HPCwire

Leading HPC
Solution Providers




















HPCwire >> Off the Wire

University of Tennessee Optimizes Cluster Management


Page:  1  of  2
1 | 2   All  »  

CHATTANOOGA, Tenn., Aug. 20 -- The University of Tennessee at Chattanooga (UTC) SimCenter has implemented the Intelligent Platform Management Interface (IPMI) -- reducing their operational costs by about $60,000 per year. The UTC SimCenter uses a high performance scientific supercomputing server cluster to run a computational engineering research and education center. Avocent IPMI technology pre-integrated within the majority of SimCenter servers allows IT staff to more rapidly access information about system components, manage power control, and monitor overall system hardware health remotely -- increasing server availability for their clients -- all from a single interface.

UTC Systems Administrator Wally Edmondson was spending a lot of his time on management issues such as powering on and off servers, maintaining temperature stability and viewing boot and OS console screens to help troubleshoot server errors within the SimCenter. Using IPMI changed this routine for the better.

"For anyone not using IPMI, they don't know what they are missing," said Edmondson. "There's a huge time saver you have already paid for just sitting under the covers of your cluster. Furthermore, using this agentless management approach responds to our need for expansion in that the amount of time to manage the cluster without IPMI might be so great that it would prevent us from expanding without hiring more people."

Becoming frustrated by the time-consuming and tedious process for manually managing the cluster, Edmondson set out to learn more about IPMI, a technology that he found out Avocent was pre-integrating within his Dell servers. Implementing a strategy that began in the fall of 2004 and that initially comprised a 33-node Microtronix Intel cluster, the UTC SimCenter has since added 508 Dell PowerEdge 1850 servers and PowerEdge 1855 Blade servers running Red Hat Linux 8.0. Although server clusters offer high performance, scalability and reliability, management can be very complex. Maintaining cluster availability was critical given the extremely high amount of computational power the cluster provided the faculty, students, Ph.D. candidates, researchers and off-site customers to conduct their research to get their jobs done.

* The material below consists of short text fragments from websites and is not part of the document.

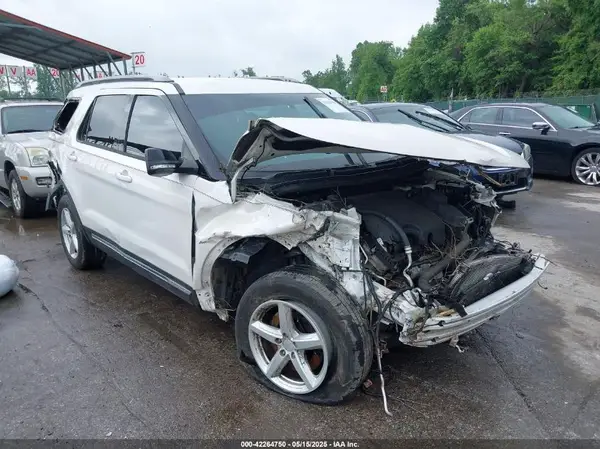 1FM5K8D87GGC19274 2016 FORD EXPLORER - Image 1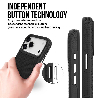 iPhone 17 Pro Max Rugged Shockproof Case Cover With Magnetic Ring10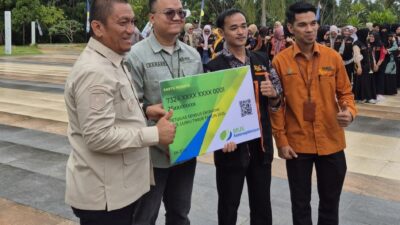 BPJS Ketenagakerjaan Luwu Timur Dukung Sukses Sensus Ekonomi 2026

"When we first implemented the cluster, I had heard of IPMI but did not know about its features," added Edmondson. "I used to have to physically inspect each server, make a list on a piece of paper to which servers needed attention, and then return to my office and dispatch them one way or another. I spent a significant amount of time doing a lot of power cycling using the power buttons before tapping into IPMI's power. Now, in seconds, I can look at my monitor and identify and resolve any issues from my desk."

Using IPMI, Edmondson now has a common interface for accessing system components such as environmental sensors, chassis power control, viewing boot and Linux OS console screens, system identification and to analyze system event logs. By periodically reading temperature, voltage and fan readings, Edmondson can quickly identify fluctuations that might lead to rack hotspots - insights that can help determine optimal rack configurations within the UTC SimCenter.

IPMI was created by the IPMI forum back in 1998. It's an industry-wide management initiative that today has over 180-vendors including, AMD, Avocent, Dell, HP, IBM, Intel, Microsoft and SUN. These vendors work together to continually update and implement this open hardware management standard for servers and other systems such as storage, network and telecommunications equipment. In its third major release, IPMI 2.0 includes enhancements to, among others, authentication and encryption, Serial over LAN (SoL), Virtual LAN (VLAN) and blade support. An important characteristic of IPMI is that it is an open and flexible standard that can be supported across tower, pedestal, rack and blade servers -- irrespective of the hardware vendor or OS used. And by being pre-integrated within the device, it does not demand any extra management agent purchases -- an approach frequently described as agentless.

Because IPMI functions on a stand-alone chip (sometimes called a BMC -- Baseboard Management Controller -- or Service Processor) independent of the OS, BIOS and CPU, access to IPMI is still available even when the operating system is unresponsive. This capability complements existing agent-based management approaches that fail when an OS crashes. Having both agent and agentless approaches fills those operational gaps. Avocent works with Dell and other leading original equipment manufacturers (OEMs) to pre-integrate IPMI capabilities into server product lines, Recently, Avocent reached a significant milestone with approximately one server containing Avocent agentless management firmware purchased every 15 seconds.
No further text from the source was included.